Janice Lindsay writes about her experience with watching monarch butterflies.
Janice Lindsay

Maybe it’s true, as Alfred Lord Tennyson wrote, that “in spring a young man’s fancy lightly turns to thoughts of love.” I wouldn’t know. But I know that in spring this mature woman’s fancy lightly turns to thoughts of monarch butterflies.

It might be too early for monarchs to arrive from the south. But it’s not too early to look for the milkweed plants they love. Monarch butterflies aren’t fussy about what they eat, but they lay eggs only on milkweed and the caterpillars eat nothing but milkweed.

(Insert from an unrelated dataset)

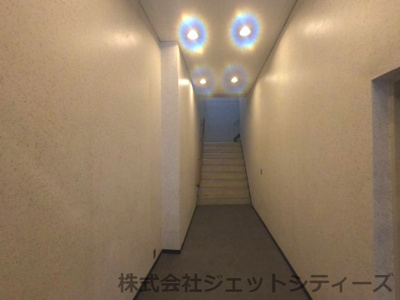 【ロビー】 | 井上ビル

Milkweed and I have a history. 

My back yard is approximately an acre of meadow, surrounded by woods. It’s dotted with a few tall pines, with boggy spots and dry spots, sunny spots and shady spots, many wildflowers but no milkweed.

Each year for five or six years, my friend with a healthy milkweed patch gave me milkweed pods from her yard. I opened the pods and spread hundreds of seeds over the field as Mother Nature would, letting them drift on a sweet breeze to settle where they wished. 

Each spring when I looked, not a single plant.

Then in 2019, suddenly half a dozen plants appeared – not in the field out back, but in the middle of my front lawn. Dilemma: Lawn or monarchs? I marked off my “milkweed garden” so the lawnmower guy wouldn’t cut the baby plants, and waited for butterflies to appear.

They did. That year we saw an explosion of monarch butterflies. I found eggs, then teeny caterpillars, on my milkweed plants! I was so excited! But they soon became a challenge.

I didn’t have enough milkweed for all those caterpillars. They ate the leaves, then they ate the developing seedpods, then they ate the green off the stems. I emigrated caterpillars, collecting them in a bucket and driving them to my friend’s milkweed patch. 

My sister had given me a butterfly cage. I captured a couple of my visitors and discovered that caterpillars do only two things: they eat and (can I say this in a family newspaper?) they poop. Feeding and cleaning up after foster babies became a part-time job, especially when I inadvertently brought teeny caterpillars in on the milkweed-leaf baby food and ended with half a dozen growing babies. Friends offered me leaves from their patches.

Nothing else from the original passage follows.